Information provided below:
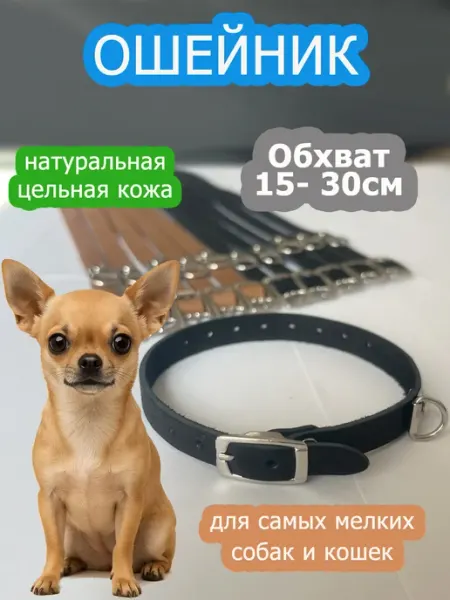 HAPPY WHISKELLE Ошейник для собак мелких пород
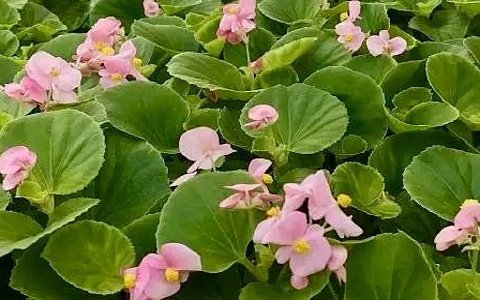 В Рязани высадят более 1,2 млн однолетних цветов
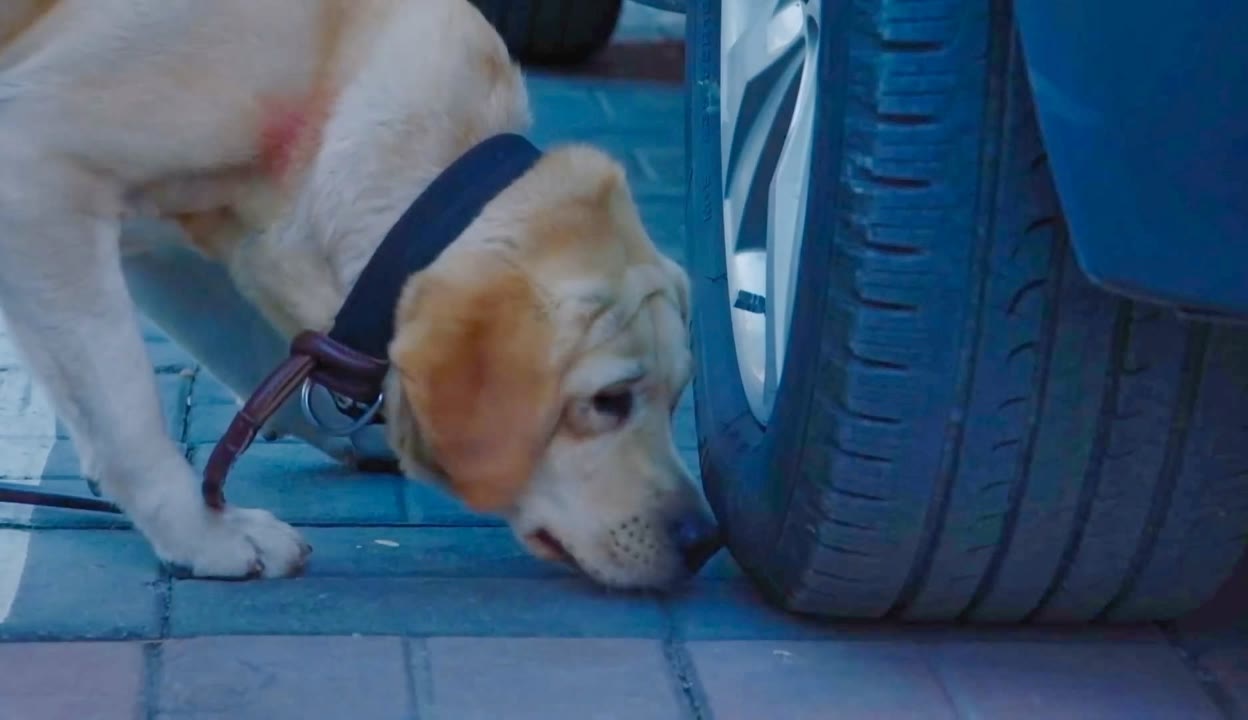 警犬樱桃的真主人照图片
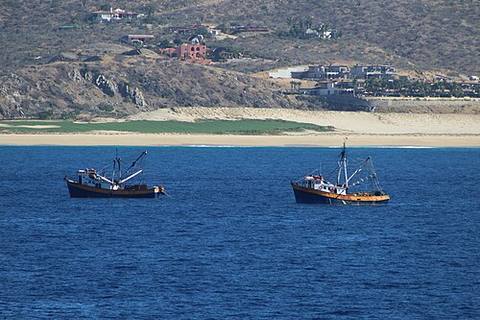 Fishing Trawlers off Cabo San Lucas — travel photo of Cabo San Lucas, Baja California & Los Cabos (Mexico)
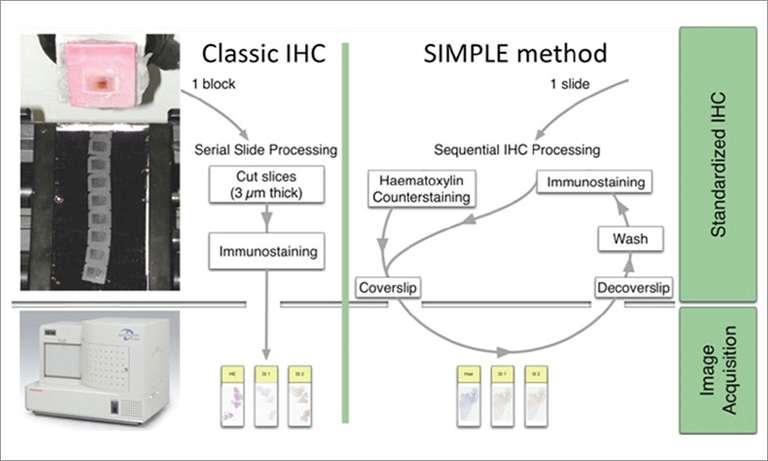 NanoZoomer Casestudy cmmi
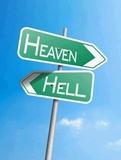which,where,,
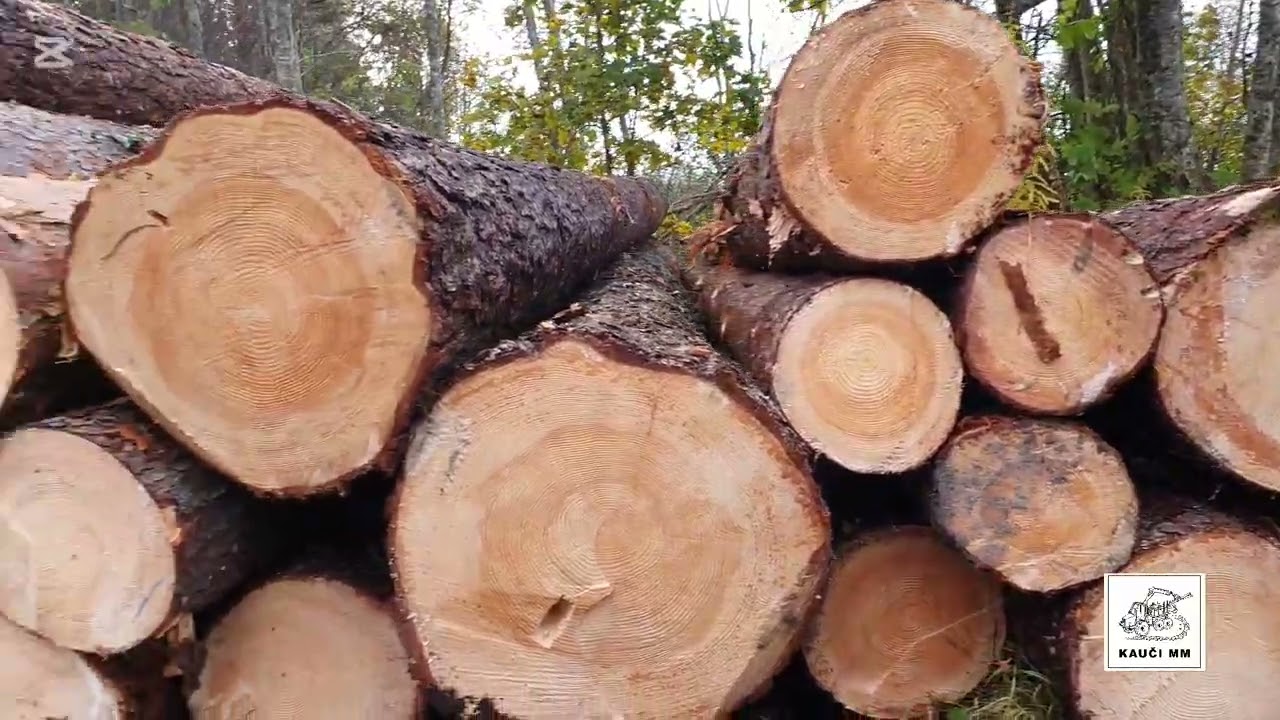 Kauči MM #woodworking #homemade #forwarder 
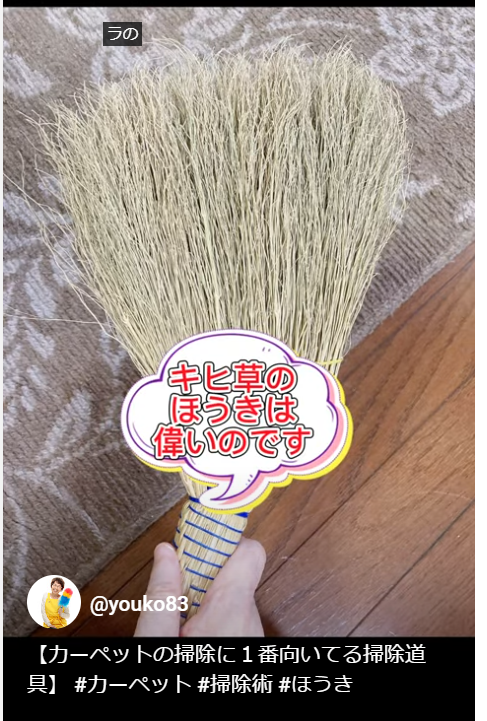 【カーペットの掃除に１番向いてる掃除道具】 #カーペット #掃除術 #ほうき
End of Information provided.
> **Task goal**: Write the data out again exactly, but without its images.

> **Response**:
 HAPPY WHISKELLE Ошейник для собак мелких пород
 В Рязани высадят более 1,2 млн однолетних цветов
 警犬樱桃的真主人照图片
 Fishing Trawlers off Cabo San Lucas — travel photo of Cabo San Lucas, Baja California & Los Cabos (Mexico)
 NanoZoomer Casestudy cmmi
which,where,,
 Kauči MM #woodworking #homemade #forwarder 
 【カーペットの掃除に１番向いてる掃除道具】 #カーペット #掃除術 #ほうき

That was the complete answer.